I don’t know, it seems like even for people with actual athletic talent, accurate banana tossing would still be a challenge.

For more details, we spoke with Andy Zeng from Princeton via email.

IEEE Spectrum: What kind of accuracy does TossingBot have, and what would that imply about throwing objects longer distances? How easy would it be to adapt this technique for larger or more powerful arms?

Andy Zeng: TossingBot has an accuracy of 85 percent into bins outside its natural range, where each bin has a 25 x 15 cm opening. In simulation, we’ve tested generalizations to longer distances (up to 5 meters) and the method works quite well. But in the real-world setup, the farthest box is only about 2 meters away from the robot. We haven’t tested any farther because throwing any harder would cause the UR5 to reach force-torque limits. Our guess is that the method should have reasonable generalization to longer distances, thanks to the initial estimates from physics/ballistics.

TossingBot might start off with lower accuracies at first to these farther locations (due to unexpected dynamics), but it should quickly adapt to the new training samples as it continues to do online learning. In terms of adapting this technique for larger and more powerful arms, it should be easy as long as the arms have good repeatability (e.g., the ones used in manufacturing) and real-time control.

Were there any particularly entertaining failures or classes of failures?

The most entertaining failure is when it grasps long objects (e.g., marker pens) by one of its tips. After it picks it up and tosses it, the object swings forward at much higher velocities, usually landing up to 3 meters away on a co-worker’s desk.

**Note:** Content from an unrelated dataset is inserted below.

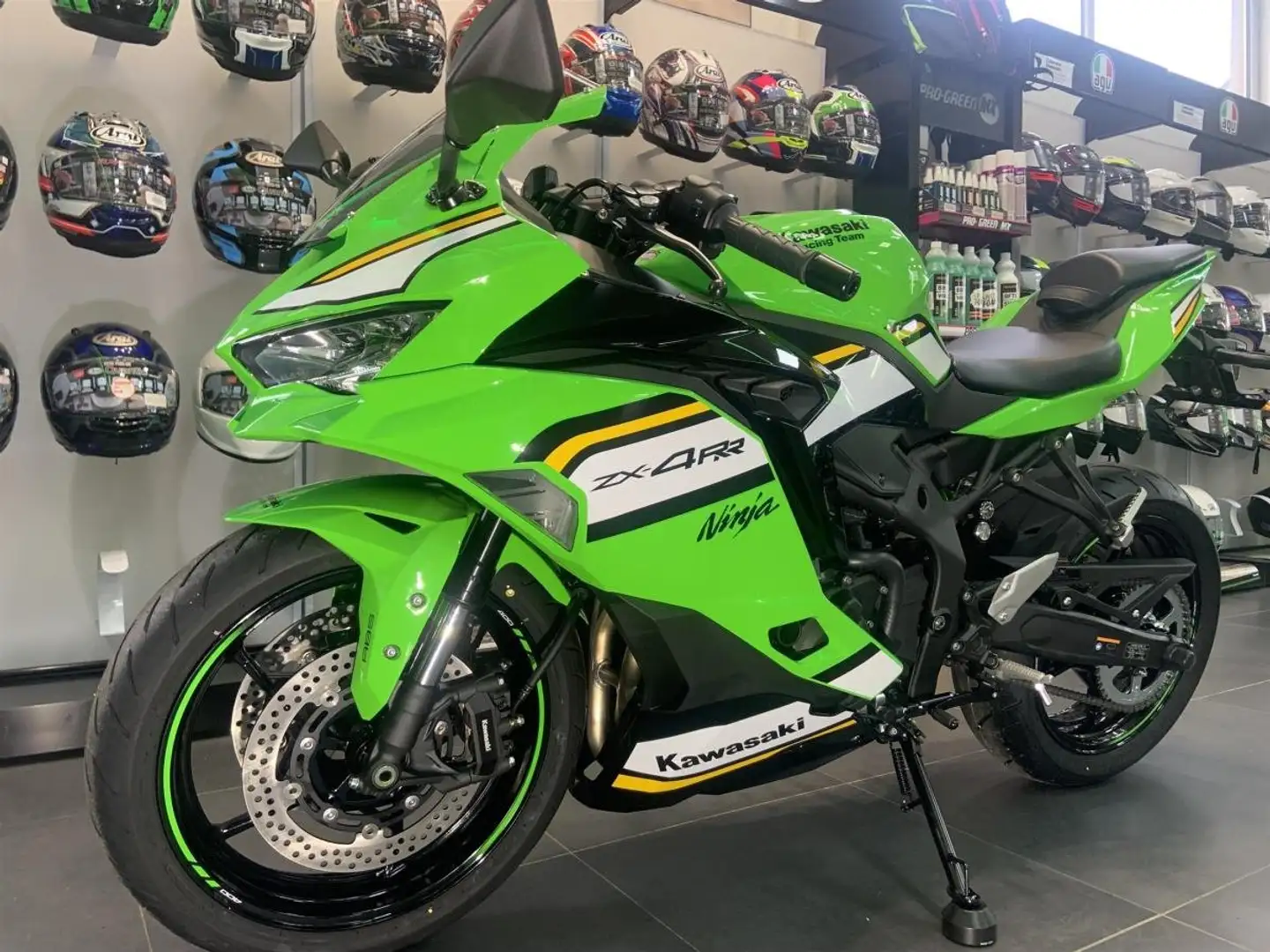 Kawasaki Ninja ZX-4RR Vert - 2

This occurs most frequently towards the beginning of training. But since we supervise grasps based on whether or not subsequent throws were accurate, the system starts to learn to avoid picking up marker pens by the tips. So as training progresses, we see TossingBot pick up marker pens by the middle more frequently.

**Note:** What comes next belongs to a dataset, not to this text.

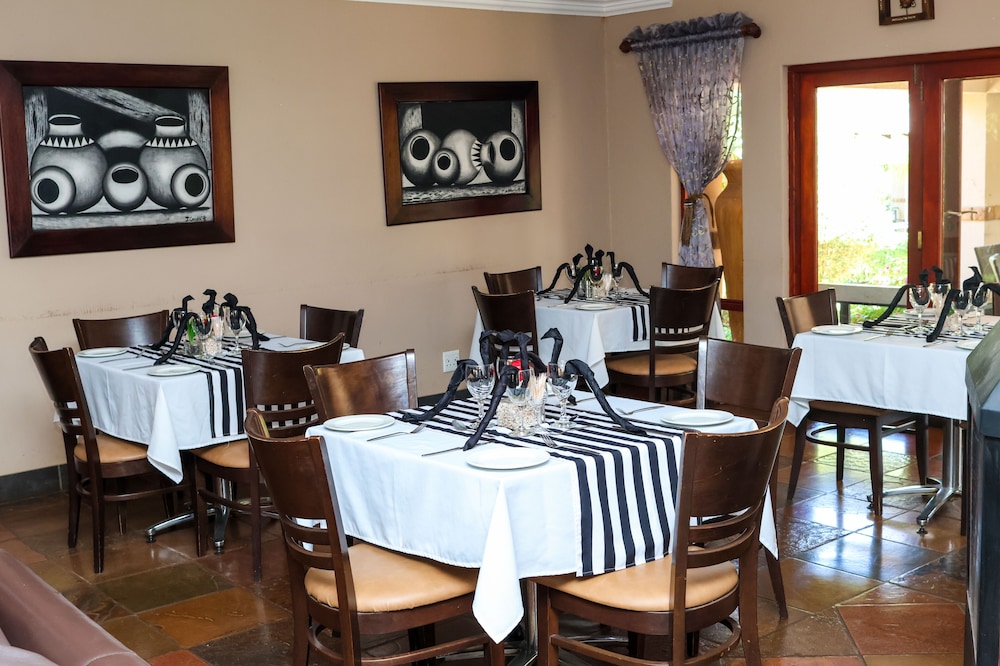 Thaba Legae Guest Lodge 23/43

Can you speculate about some specific use cases in which robots throwing objects might be particularly useful?

I view tossing as essentially a significantly more time-efficient version of “placing” for pick-and-place of objects that people don’t care about, or can sustain the damage from landing collisions. A good example is debris clearing in disaster response scenarios, where time is of the essence.

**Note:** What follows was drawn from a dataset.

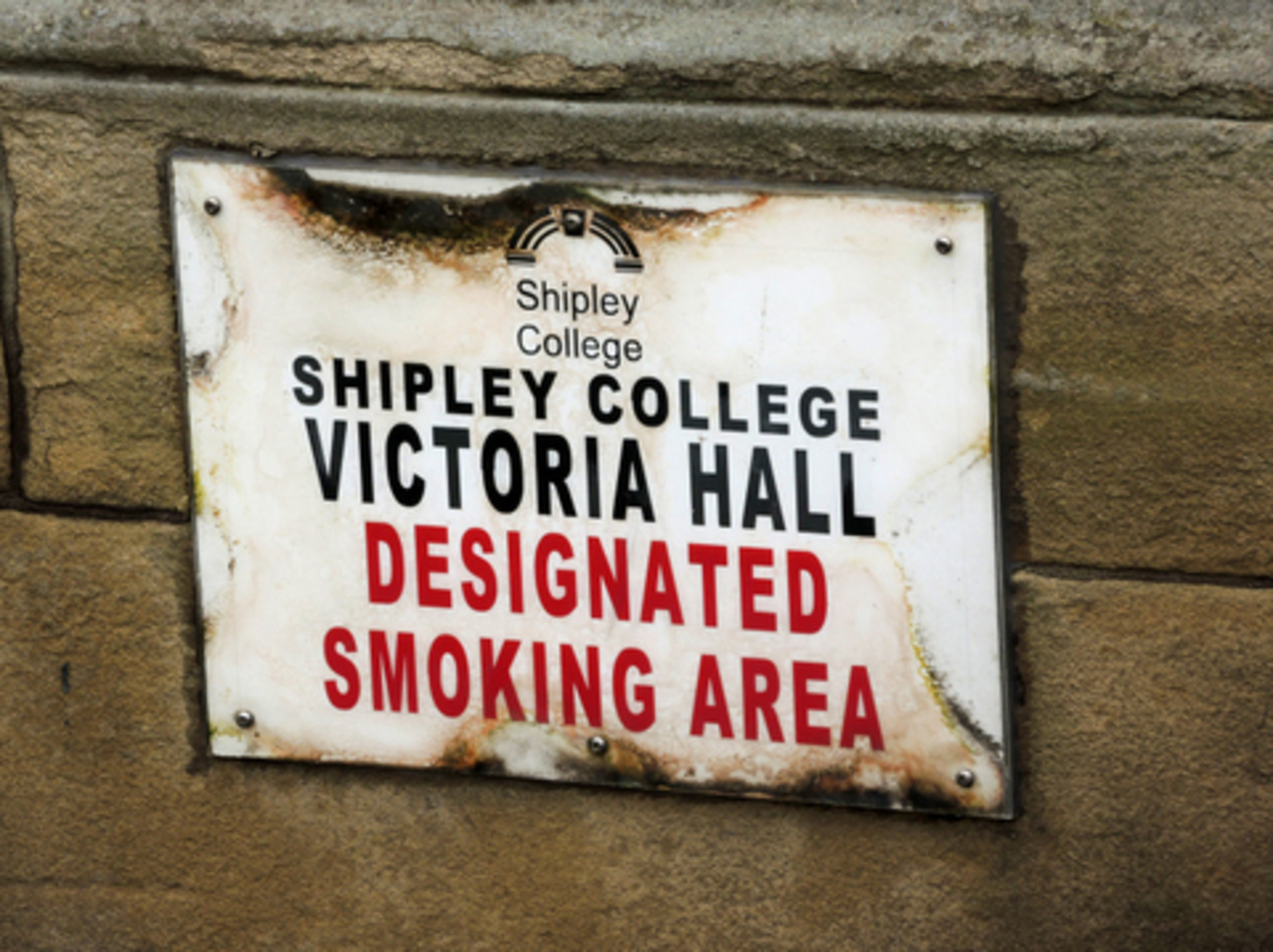 Shipley College smoking area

Would TossingBot have any trouble with a half-full bottle of water?

We haven’t tested bottle flipping, but TossingBot should have no trouble doing it. Bottle flipping should be an easier task than throwing arbitrary objects, which can have a wider range of interesting dynamics that the system needs to learn to compensate for.

Where would you like to take this research from here?

Tossing is a form of dynamic manipulation, where a robot leverages the dynamics (i.e., physics) of the world as a way to improve its capabilities. Other examples of dynamic manipulation include sliding, spinning, swinging, or catching. We don’t think about it often, but people use dynamic manipulation all the time. For example, sliding a beer across a bar table to a friend, spinning a phone sideways after pulling it out of your pocket to bring it upright, dropping vegetables into a boiling pot. Dynamic manipulation is an under-studied research area in robotics, and I think that it has significant potential for improving the efficiency of our robots.